Realistische Bedrohung – aber auch politische Manipulation
Niemand bestreite, dass Russland ein Risiko für die europäische Sicherheit darstellt. Doch laut Bock-Côté müsse man zwischen echter militärischer Bedrohung und politischer Manipulation unterscheiden. „Der Feind steht nicht nur an den Grenzen – er sitzt auch in den Institutionen, die Angst in Macht verwandeln“, schreibt er.
In diesem Zusammenhang verweist er auf die wachsende Tendenz der EU, ihre Entscheidungsgewalt zu zentralisieren – unter dem Vorwand gemeinsamer Sicherheit.
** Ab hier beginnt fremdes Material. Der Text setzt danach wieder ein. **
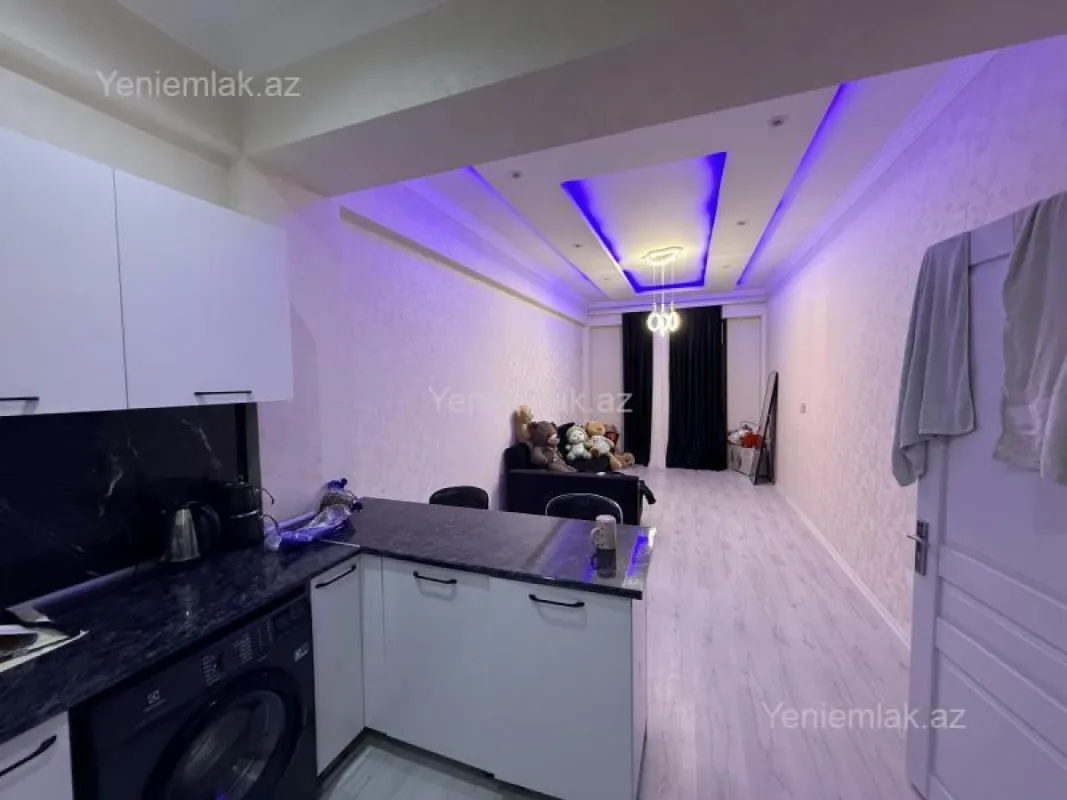 Satılır 2 otaqlı yeni tikili 76 m²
Kritiker sehen darin einen schleichenden Verlust nationaler Souveränität.
„Der Feind nützt dem Machtapparat“
Bock-Côté zieht eine provokante Schlussfolgerung: Der „Feind“ Russland diene den europäischen Machtstrukturen als nützliches Werkzeug. Je größer die Bedrohung wahrgenommen werde, desto stärker lasse sich politische Kontrolle rechtfertigen. Angst sei längst zum politischen Rohstoff Europas geworden.
„Man braucht den Feind, um das System zu stabilisieren“, schreibt der Autor. Und genau darin liege die größte Gefahr – nicht in den Raketen Moskaus, sondern in der Angstpolitik der Eliten.
Fazit: Zwischen echter Gefahr und künstlicher Panik
Am Ende seines Essays ruft Bock-Côté zu einem ausgewogenen Blick auf die Lage auf. Europa müsse die russische Aggression ernst nehmen, dürfe sich aber nicht von Angst regieren lassen. „Ein Staat, der in Panik handelt, verliert die Fähigkeit zu rationaler Politik“, warnt er.
Die kommenden Jahre werden zeigen, ob Europa den Spagat schafft – zwischen realistischer Verteidigung und der Vermeidung eines politisch motivierten Kriegsnarrativs.